Write out each record exactly as given, but do not include the pictures.

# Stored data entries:
[Start of section]
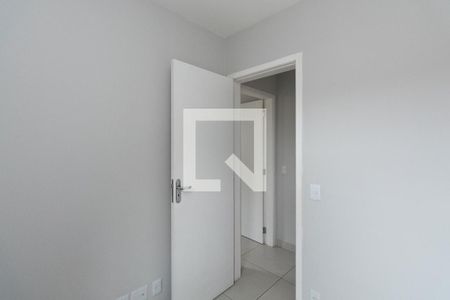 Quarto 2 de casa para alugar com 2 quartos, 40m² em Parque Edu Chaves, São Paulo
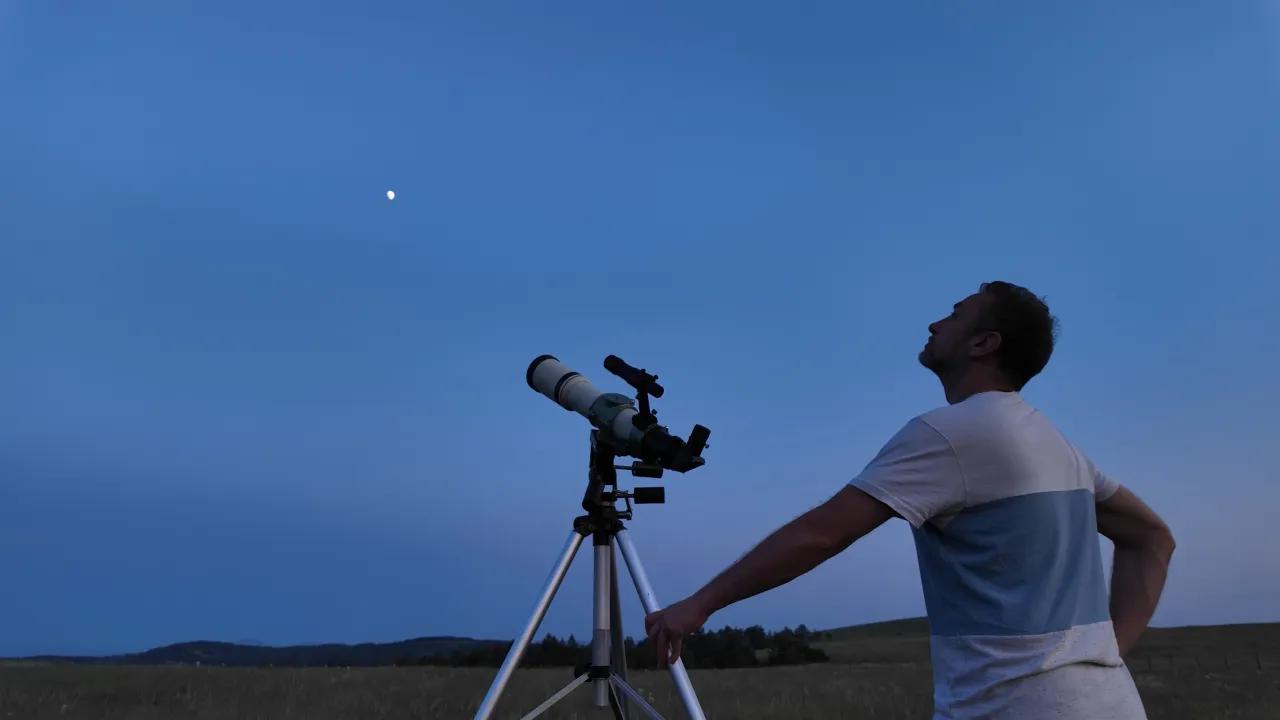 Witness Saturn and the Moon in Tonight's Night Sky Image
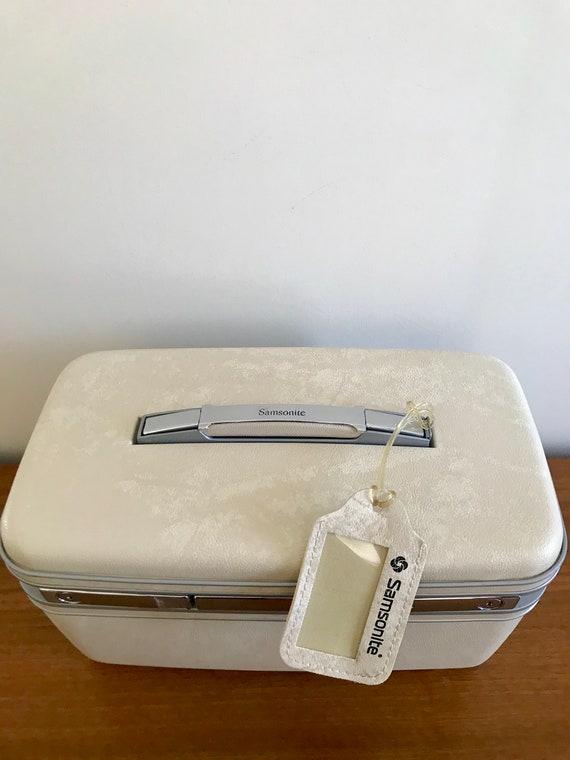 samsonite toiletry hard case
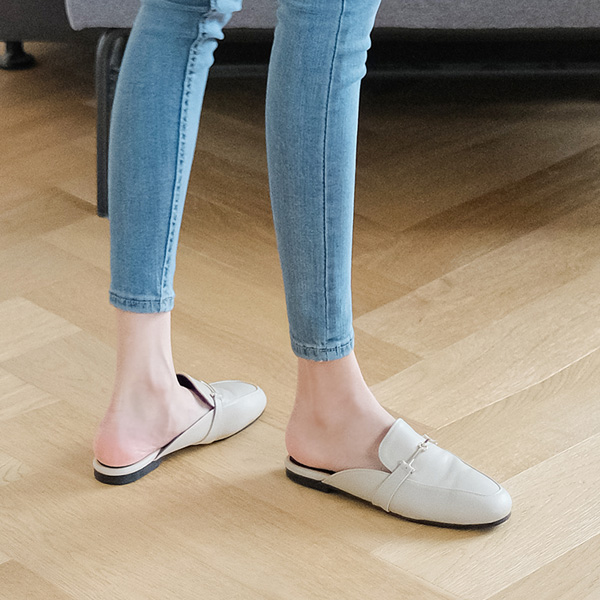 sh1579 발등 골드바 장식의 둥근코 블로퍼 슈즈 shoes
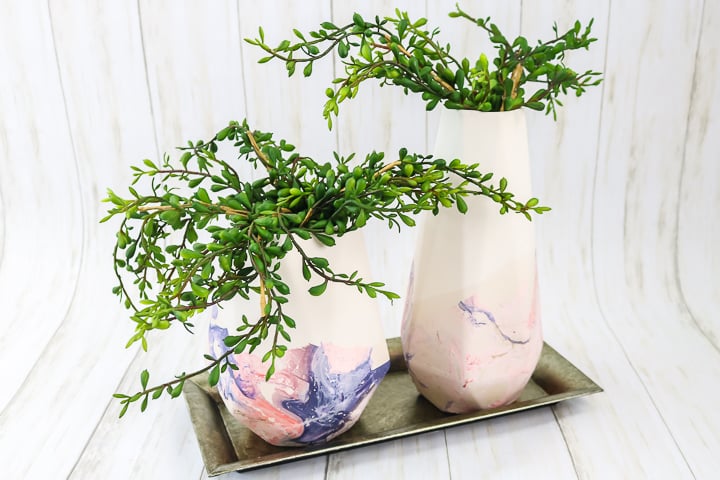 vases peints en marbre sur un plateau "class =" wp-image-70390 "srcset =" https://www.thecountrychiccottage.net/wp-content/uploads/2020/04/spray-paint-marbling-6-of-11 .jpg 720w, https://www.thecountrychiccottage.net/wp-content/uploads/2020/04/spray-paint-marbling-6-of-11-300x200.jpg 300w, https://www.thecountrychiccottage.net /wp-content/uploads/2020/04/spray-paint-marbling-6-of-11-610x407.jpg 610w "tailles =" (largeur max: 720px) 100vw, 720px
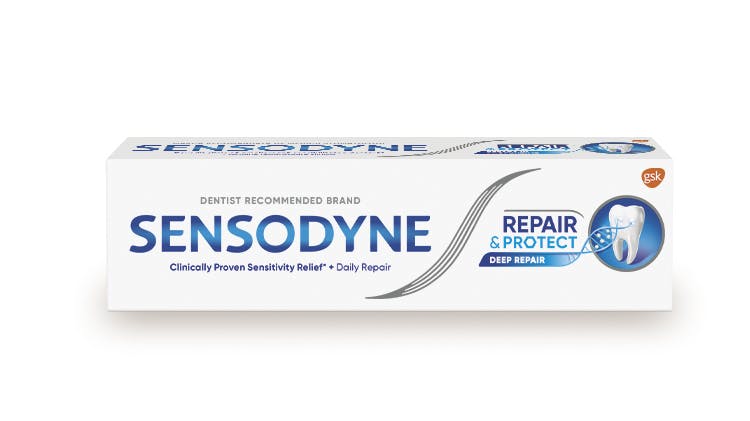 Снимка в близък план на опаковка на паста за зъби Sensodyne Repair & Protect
[End of section]
# Response to the exercise:
 Quarto 2 de casa para alugar com 2 quartos, 40m² em Parque Edu Chaves, São Paulo
 Witness Saturn and the Moon in Tonight's Night Sky Image
 samsonite toiletry hard case
 sh1579 발등 골드바 장식의 둥근코 블로퍼 슈즈 shoes
 vases peints en marbre sur un plateau "class =" wp-image-70390 "srcset =" https://www.thecountrychiccottage.net/wp-content/uploads/2020/04/spray-paint-marbling-6-of-11 .jpg 720w, https://www.thecountrychiccottage.net/wp-content/uploads/2020/04/spray-paint-marbling-6-of-11-300x200.jpg 300w, https://www.thecountrychiccottage.net /wp-content/uploads/2020/04/spray-paint-marbling-6-of-11-610x407.jpg 610w "tailles =" (largeur max: 720px) 100vw, 720px
 Снимка в близък план на опаковка на паста за зъби Sensodyne Repair & Protect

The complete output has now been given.